◆ **Your assignment**
Scan the listing beneath this sentence. Report each line with the word "Travel".

◆ **Stored data**

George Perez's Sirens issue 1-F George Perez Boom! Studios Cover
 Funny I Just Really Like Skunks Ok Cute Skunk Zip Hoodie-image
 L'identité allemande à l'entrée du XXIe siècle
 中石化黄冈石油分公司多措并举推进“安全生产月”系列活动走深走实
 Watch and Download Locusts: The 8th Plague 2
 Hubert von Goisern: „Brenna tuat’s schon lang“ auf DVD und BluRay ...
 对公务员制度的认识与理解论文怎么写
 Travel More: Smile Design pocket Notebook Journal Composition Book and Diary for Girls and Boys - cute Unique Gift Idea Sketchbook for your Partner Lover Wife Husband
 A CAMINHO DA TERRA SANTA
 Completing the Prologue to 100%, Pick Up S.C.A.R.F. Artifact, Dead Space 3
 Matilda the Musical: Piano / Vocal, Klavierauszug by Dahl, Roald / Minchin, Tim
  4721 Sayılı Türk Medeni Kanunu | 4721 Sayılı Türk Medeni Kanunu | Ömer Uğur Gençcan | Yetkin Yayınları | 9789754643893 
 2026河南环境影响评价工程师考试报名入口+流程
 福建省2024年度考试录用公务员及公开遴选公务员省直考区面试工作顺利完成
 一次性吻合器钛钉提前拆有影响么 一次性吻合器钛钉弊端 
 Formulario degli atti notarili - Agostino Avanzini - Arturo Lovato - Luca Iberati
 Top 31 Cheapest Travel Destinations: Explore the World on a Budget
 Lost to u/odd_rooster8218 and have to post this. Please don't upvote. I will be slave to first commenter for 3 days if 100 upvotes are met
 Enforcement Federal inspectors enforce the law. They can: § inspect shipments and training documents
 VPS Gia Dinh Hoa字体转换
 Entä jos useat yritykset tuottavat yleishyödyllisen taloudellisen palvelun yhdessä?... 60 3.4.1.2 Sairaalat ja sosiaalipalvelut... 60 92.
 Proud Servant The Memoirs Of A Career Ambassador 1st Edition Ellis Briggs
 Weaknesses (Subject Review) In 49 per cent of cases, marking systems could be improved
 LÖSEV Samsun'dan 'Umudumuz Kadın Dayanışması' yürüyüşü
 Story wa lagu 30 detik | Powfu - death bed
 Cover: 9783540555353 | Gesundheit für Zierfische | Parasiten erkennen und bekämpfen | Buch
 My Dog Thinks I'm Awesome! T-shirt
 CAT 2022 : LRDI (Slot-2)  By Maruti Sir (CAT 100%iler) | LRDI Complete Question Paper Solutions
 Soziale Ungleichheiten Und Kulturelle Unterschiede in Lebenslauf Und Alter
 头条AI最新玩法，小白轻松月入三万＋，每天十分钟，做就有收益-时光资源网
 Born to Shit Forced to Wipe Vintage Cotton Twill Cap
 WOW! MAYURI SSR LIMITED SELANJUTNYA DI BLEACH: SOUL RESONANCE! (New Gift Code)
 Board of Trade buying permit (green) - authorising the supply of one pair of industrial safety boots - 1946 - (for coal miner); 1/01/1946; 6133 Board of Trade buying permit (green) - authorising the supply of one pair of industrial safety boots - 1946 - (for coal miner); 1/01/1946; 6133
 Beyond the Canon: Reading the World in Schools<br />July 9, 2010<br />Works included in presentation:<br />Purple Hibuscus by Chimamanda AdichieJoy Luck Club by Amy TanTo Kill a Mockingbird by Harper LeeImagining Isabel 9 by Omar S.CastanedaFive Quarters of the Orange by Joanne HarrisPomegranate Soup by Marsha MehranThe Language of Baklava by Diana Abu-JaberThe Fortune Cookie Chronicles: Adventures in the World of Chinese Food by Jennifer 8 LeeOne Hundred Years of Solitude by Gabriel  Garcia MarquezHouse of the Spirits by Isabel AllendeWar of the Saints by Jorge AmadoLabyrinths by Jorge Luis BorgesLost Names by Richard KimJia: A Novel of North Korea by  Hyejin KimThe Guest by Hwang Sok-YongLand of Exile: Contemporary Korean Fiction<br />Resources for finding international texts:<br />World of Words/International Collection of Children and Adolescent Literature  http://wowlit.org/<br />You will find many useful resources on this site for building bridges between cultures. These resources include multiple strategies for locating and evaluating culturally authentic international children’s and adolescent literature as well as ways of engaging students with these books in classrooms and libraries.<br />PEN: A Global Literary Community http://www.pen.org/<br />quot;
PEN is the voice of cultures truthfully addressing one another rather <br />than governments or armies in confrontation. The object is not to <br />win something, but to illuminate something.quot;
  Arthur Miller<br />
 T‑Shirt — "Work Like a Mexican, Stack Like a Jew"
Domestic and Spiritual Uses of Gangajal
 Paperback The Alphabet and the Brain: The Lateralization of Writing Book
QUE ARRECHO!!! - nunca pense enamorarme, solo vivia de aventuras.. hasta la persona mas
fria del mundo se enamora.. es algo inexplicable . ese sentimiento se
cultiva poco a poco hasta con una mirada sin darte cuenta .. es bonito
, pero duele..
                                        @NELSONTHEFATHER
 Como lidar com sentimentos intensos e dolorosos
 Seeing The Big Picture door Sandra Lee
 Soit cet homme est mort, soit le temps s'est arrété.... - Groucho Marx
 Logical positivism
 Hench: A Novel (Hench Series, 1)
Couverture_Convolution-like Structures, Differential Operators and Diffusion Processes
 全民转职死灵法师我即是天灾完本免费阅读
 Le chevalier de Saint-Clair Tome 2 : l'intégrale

◆ **Response**
 Travel More: Smile Design pocket Notebook Journal Composition Book and Diary for Girls and Boys - cute Unique Gift Idea Sketchbook for your Partner Lover Wife Husband
 Top 31 Cheapest Travel Destinations: Explore the World on a Budget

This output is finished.